Il y a l'urbanisation, le bétonnage et le goudronnage, la pollution des sols (qui les durcit et l'eau glisse dessus), la disparition des prés remplacés, au mieux par des terres cultivées mais généralement par des plantations de peupliers ou des lotissements.  L’état des fossés, des drains favorise aussi les inondations mais n’est pas la cause des crues ; bien entendu.

N’empêche, le réchauffement climatique accentue le phénomène.  En 1910, Paris a été inondé en hiver et pas au printemps. L’Yonne et son affluent, la Cure, étaient gonflées par la fonte de neige du Morvan. Cette fois, ce sont les pluies qui font déborder les affluents de la Seine.

Des affluents mineurs débordent et pas qu’un peu. Ce n’est pas la neige qui fond. Il n’a pas neigé sur le bassin parisien ni cet hiver, ni à aucun moment. C’est donc bien l’eau du ciel qui augmente la capacité de tous ces cours d’eau. A cela, il y a les raisons habituelles des anticyclones et des dépressions. Ça n’est pas la première fois qu’on a une fin de printemps pourrie ou même – n’anticipons pas – un été pourri.  Tous ceux qui observent le temps qu’il fait depuis plusieurs années peuvent constater que, depuis près de 40 ans, les saisons ne sont plus marquées nettement.

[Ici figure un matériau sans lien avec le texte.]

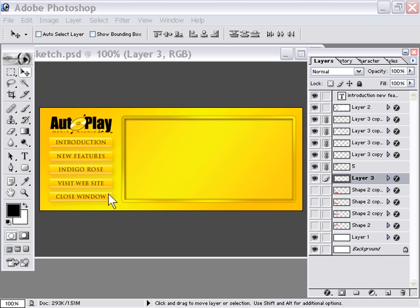When they click on the visit website button, the technical consideration would be that we need to open a web link in their default browser.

Si l’on a pu voir une alternance de moments de pluie, de froid, de chaleur, voire de neige et de sécheresse (1976), on assiste depuis une quinzaine d’années, environ, à la répétition de phénomènes extrêmes comme des canicules et des inondations. Ces phénomènes, pour exceptionnels qu'ils demeurent, n'altèrent pas la perception qu'on a des saisons dans la mesure où, premièrement, on continu d'apprendre le cycle des saisons avec tous les clichés d'autrefois et les dessins d'arbres en fleurs au printemps, de soleil haut pour l'été, de chute de feuilles et de pluies pour l'automne et d'arbre dénudé avec un bonhomme de neige pour l'hiver. Deuxièmement, on sait que le cerveau est très sensible à la luminosité et ceci l'emporte sur toute autre considération. Les journées longues sont un signe qu'on va vers l'été et les fortes précipitations n'y changent rien.

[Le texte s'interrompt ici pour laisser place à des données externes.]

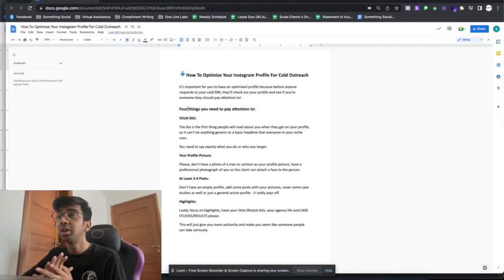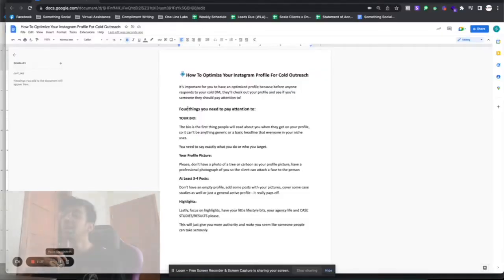To go over this optimization — and how I personally optimize client accounts for outreach when doing Instagram done-for-you — there are four things to pay attention to. Number one is your bio. Your bio is the first thing everybody reads and it needs to say exactly what you do: whether you help agency owners, e-commerce marketers, set up Google ads, email marketing, etc. It should clearly state what you do and what you're an expert at.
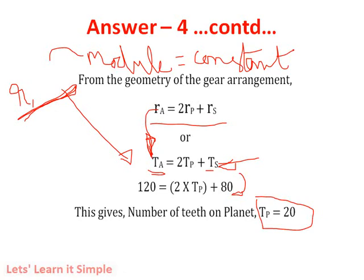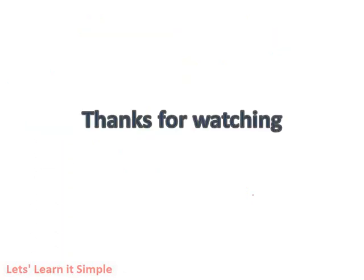In this problem, the specialist feature is a webbed or star-shaped planet — three identical planets that can be taken as a single unit. You also have to consider the geometry of the gearing arrangement to find the unknowns. I thank you all for watching this video. Thank you.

Les mêmes se demandent si, sur la majeure partie de la France, le réchauffement climatique ne va pas se traduire par une plus grande fréquence des précipitations. Les faits nous donnent raison. D’ailleurs, en ce moment, depuis que les vallées de l’Yonne puis du Loing ainsi que tous leurs affluents et sous-affluents débordent et détruisent, d’abord les vignobles et maintenant les villes, menaçant Paris (ah, là, ça rigole plus), on commence à nous expliquer ce qui est pourtant une évidence. L’augmentation de la température fait s’évaporer l’eau qui forme des nuages qui finissent par crever. Or, malgré ces pluies diluviennes, personne ne peut sérieusement se plaindre du froid. Par conséquent, comme les nuages se concentrent dans la même zone, ils n’en finissent pas de se répandre.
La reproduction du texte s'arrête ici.